--- DATA RECORDS Enclosed Below ---

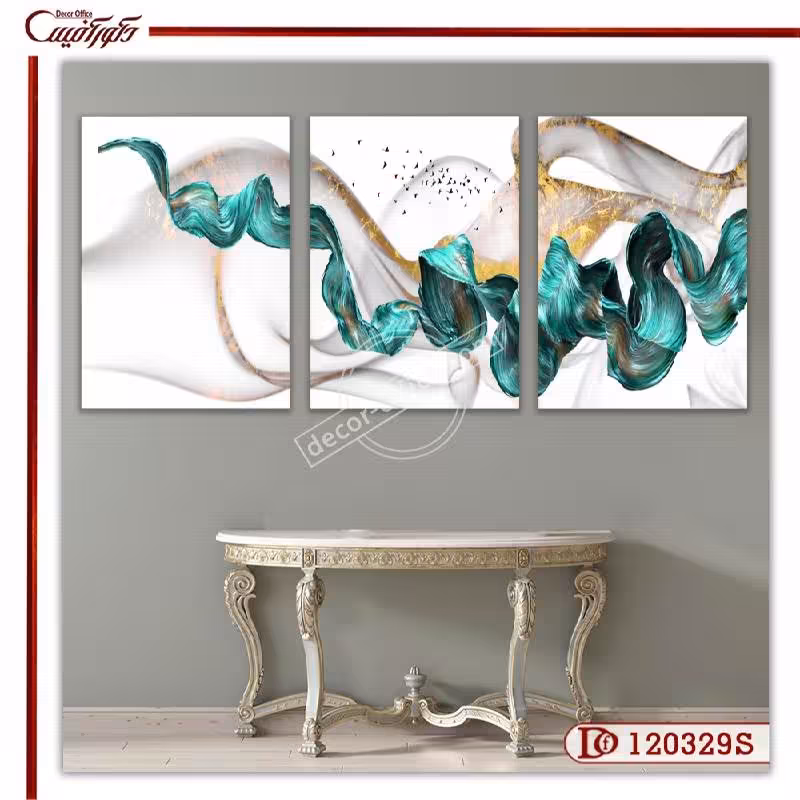 تابلو سه تکه 120329-2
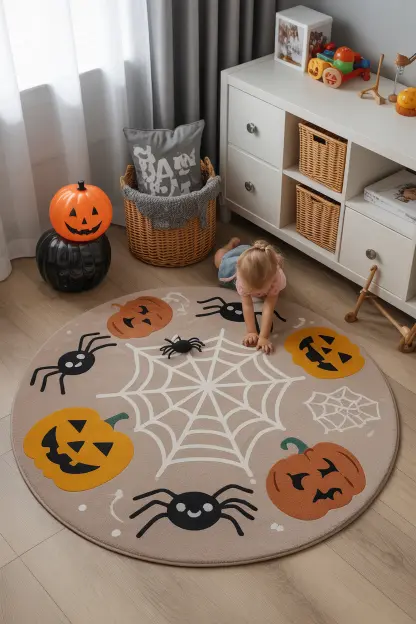 Themed Rugs or Mats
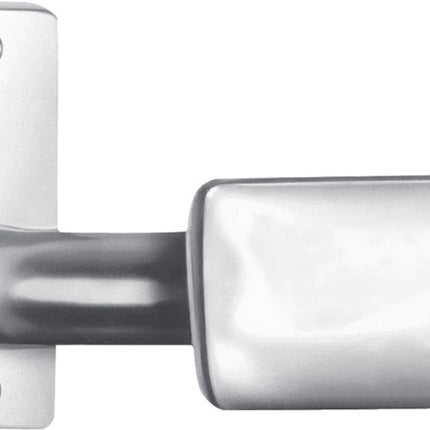 AMF door knob 485 light metal F1 / silver-coloured ( 3311121001 )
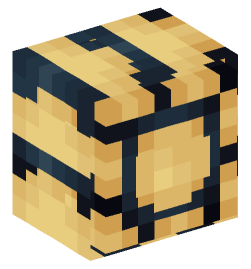 Minecraft head — Decor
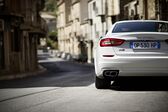 Maserati Quattroporte VI (M156) 3.0 V6 (275 Hp) Automatic 2014 - 2016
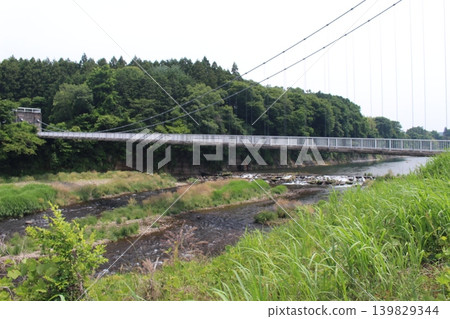 大懸索橋 139829344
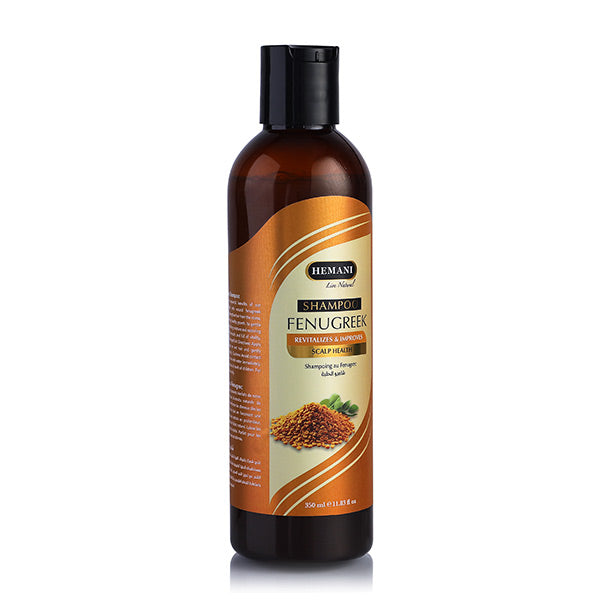 Hemani Hemani Fenugreek Shampoo 350ml NEW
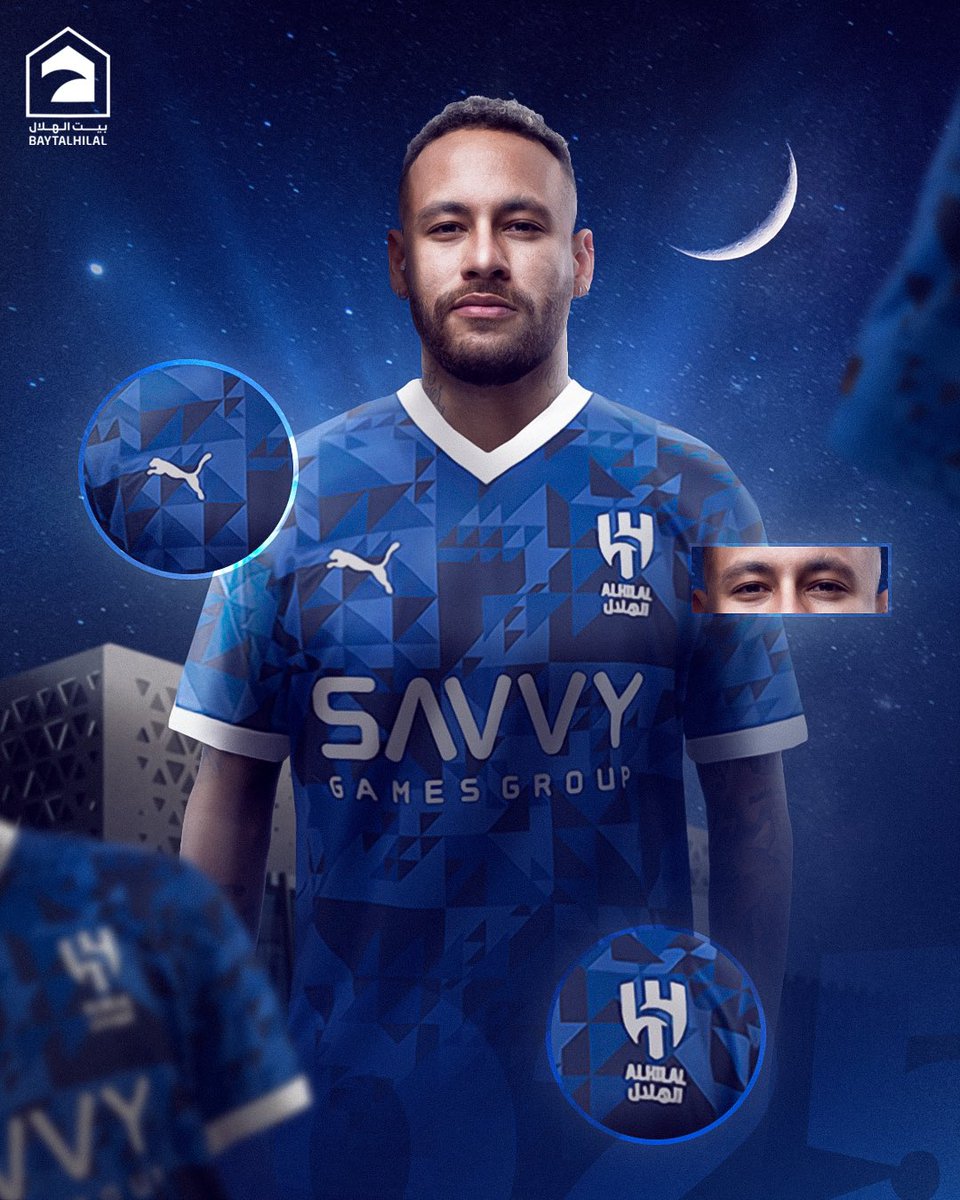 بيت الهلال tweet media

--- End of Enclosed DATA RECORDS ---

◆ YOUR INSTRUCTIONS: Leaving out the pictures, please transcribe exactly the lines from the one that holds "Themed Rugs or Mats" through the last line of the entries above, both included.

◆ OUTPUT FOR THIS EXERCISE:
 Themed Rugs or Mats
 AMF door knob 485 light metal F1 / silver-coloured ( 3311121001 )
 Minecraft head — Decor
 Maserati Quattroporte VI (M156) 3.0 V6 (275 Hp) Automatic 2014 - 2016
 大懸索橋 139829344
 Hemani Hemani Fenugreek Shampoo 350ml NEW
 بيت الهلال tweet media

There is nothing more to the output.